Enfermera (una ficción)

    La chica estaba de espaldas a él, se contoneaba ligeramente como si sonara una canción en alguna parte o llevara una música necesaria siempre en su cabeza. Al otro lado había una pequeña ventana que daba a un patio interior y a través de ella se podían ver tuberías de agua reptando por una pared gris. La chica llevaba un vestido de tela fina y mientras se iba soltando la larga fila de botones él podía ver la silueta de su cuerpo contra la luz que entraba por la ventana. Tiró el vestido sobre la silla y se sentó junto a él, con una mano le acarició la nuca y con la otra la entrepierna.
–Hablemos –dijo él.
–Ya te dije que no quiero complicaciones. Te follo como tú quieras, el tiempo que quieras o puedas, me pagas y fin de la historia.
–Me dijiste que habías sido enfermera.
–Soy enfermera, y lo que tú quieras que sea. ¿Qué coño les pasa a los hombres con las enfermeras? ¿Por qué no se van a un jodido hospital en vez de buscarse a una puta que diga que es enfermera? No tengo ropa de enfermera, pero algo ya nos inventaremos…

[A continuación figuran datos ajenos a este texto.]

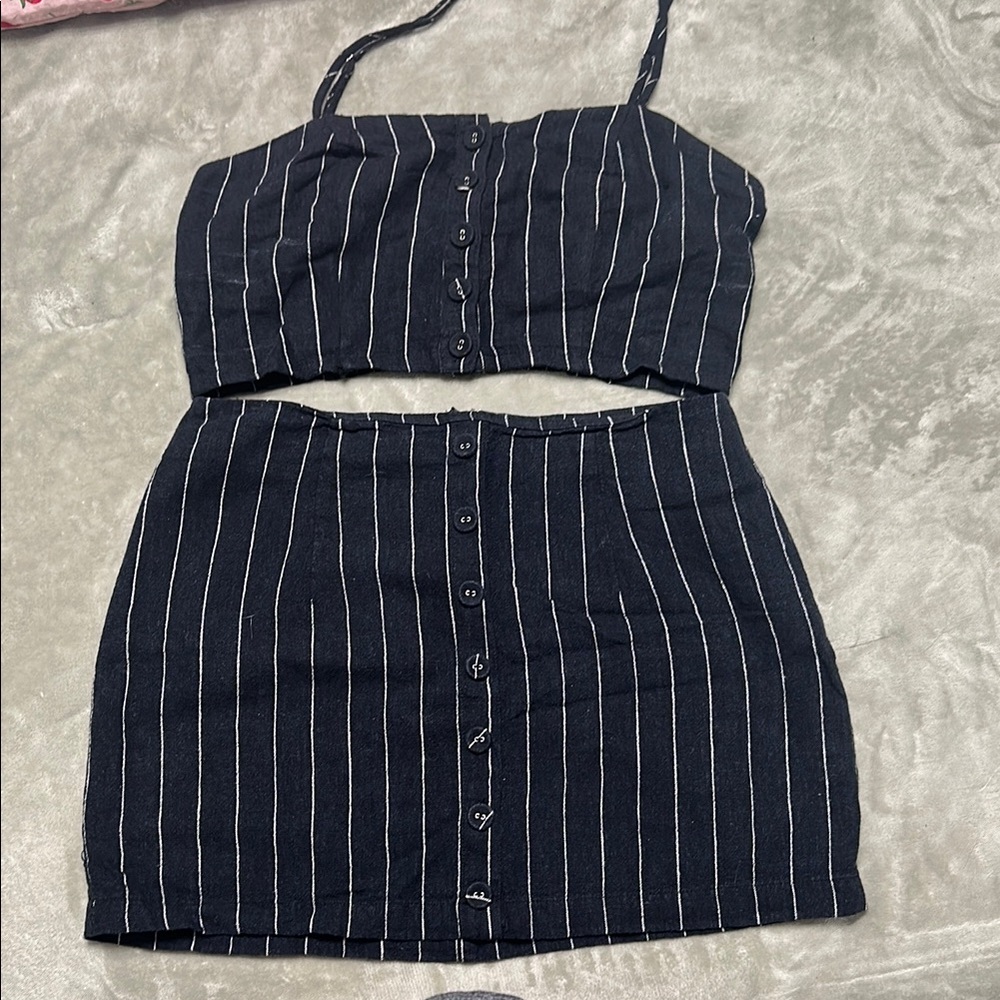 Striped Black and White Skirt Set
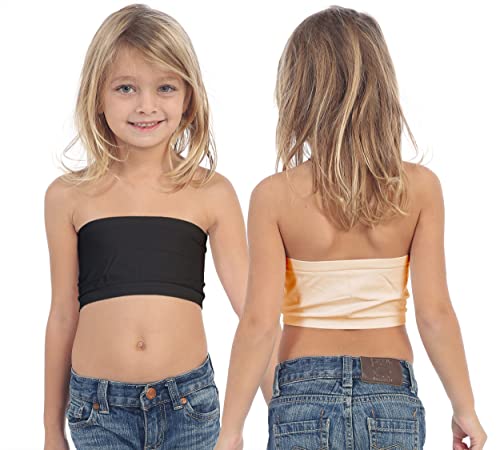 Kurve Girl’s Bandeau Tube Bra – Strapless Cropped Sports Bralette Seamless Crop Top UV Protective Fabric UPF50+ Made in USA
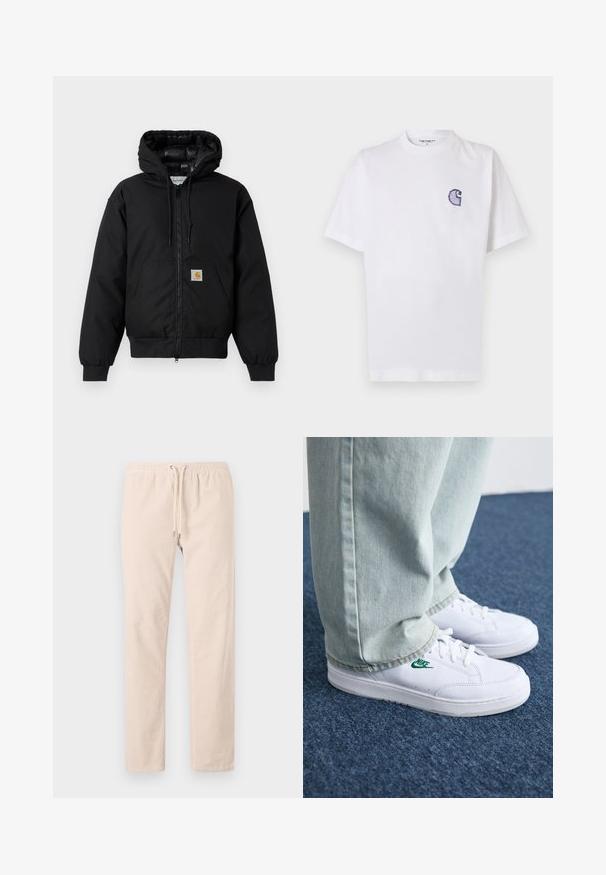 Schwarze Carhartt Kapuzenjacke mit Frontreißverschluss, Kängurutasche, gerippten Bündchen und Logopatch auf der Tasche.; Weißes Baumwoll-T-Shirt mit kurzen Ärmeln, rundem Halsausschnitt und einem kleinen, gestickten blauen "C"-Logo auf der linken Brustseite.; Helle beigefarbene Hose aus weichem Stoff, ausgestattet mit einem elastischen Bund und Kordelzug sowie geraden Beinen. Glatte Textur, keine Muster.; Weiße Leder-Sneaker mit grünem Nike-Logo, runde Zehenpartie, flache Sohle, kombiniert mit hellblauen Jeans, präsentiert auf einem blauen Teppich.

–Espera, espera –por tercera vez le quitó la mano de la portañuela–. No quiero follar con nadie. Lo único que quiero es que hagas algo por mí, te pago y fin de la historia, como tú dices.
–No me compliques, de verdad, déjame seguir con lo mío, me va bien así.
–Déjame decirte, por lo menos…
–Ya, ya, ya. Esto sé que me va a complicar. ¿Por qué todas las historias raras me tienen que pasar a mí?
Se quitó la camisa. La venda que había puesto para taponar la sangre se había convertido en una masa viscosa que amenazaba con fundirse a la carne. Cuando la retiró de un tirón se le escapó una queja minúscula y ridícula; un chorrillo de sangre brotó, llegó hasta el codo y allí se detuvo.
–Mierda, mierda, mierda, mierda.
–Creo que tengo una bala por ahí. Sólo quiero que me la saques, me laves con agua y jabón, eches un poco de esto adentro y me pongas una venda. Muy sencillo. Y te doy cinco veces lo que me ibas a cobrar. Diez minutos.
Hasta que no terminaron ella no dijo nada más, siquiera una palabra, se limitó a asentir, mover sus manos y mantener siempre un rictus de asco y miedo. Él le pidió que se quitara también la ropa interior, así no manchaba nada. Fueron a la bañera, buscaron el mejor acomodo posible: primero esta pasta blanca, ponla en todo el hombro, es para que no me duela tanto; ponte los guantes, no tengas miedo, piensa que vas a cortar un pollo, la parte mala de un melocotón; corta un centímetro a cada lado del agujero, mete la pinza, muévela despacio hasta que creas que choca con algo duro, eso debe ser la bala; trata de cogerla con la pinza y sácala de una vez, fuerte, me va a doler, pero al menos será una vez; lávalo bien; si puedes fíjate que no queda nada adentro, escarba un poco con la pinza si hace falta; coge el bote y llénalo todo con eso; un par de gasas, la venda. Hasta que él no logró disimular el dolor y sonreír, ella no pareció estar tranquila. Lo llevó a la cama. Regresó a darse una ducha y regresó envuelta en una toalla.
–Las cosas que nos hacen hacer los hombres –dijo antes de darse cuenta de que el hombre se había dormido o desmayado–. Oye, ni se te ocurra morirte en mi casa. Esto es una mierda.
Se vistió y se entretuvo mirando en las cosas del hombre. En la billetera llevaba unos quinientos. Se los guardó. Había traído un bolso de gimnasio y uno de los que se usan para llevar un portátil. En el de gimnasio había algo de ropa.
Cuando el hombre se despertó, ella estaba sentada aún a su lado, en la silla.
–No estás muerto.
–No, parece que no.
–¿Cuánto?
–¿Qué?
–¿Cuánto dinero tienes aquí? –puso el bolso sobre sus piernas y lo entreabrió como para cerciorarse de que seguía estando allí, de que el hecho de que el hombre hubiera despertado no había hecho desaparecer todo.
–No lo he contado. ¿Por qué me has atado a la cama?
–¿Qué te parece?
–¿Por qué no te fuiste antes?
–No lo sé. Quería ver que estabas bien.
–Si me dejas así me voy a morir.
–Lo siento –dijo ella y se marchó sin que el hombre pusiera ningún otro reparo.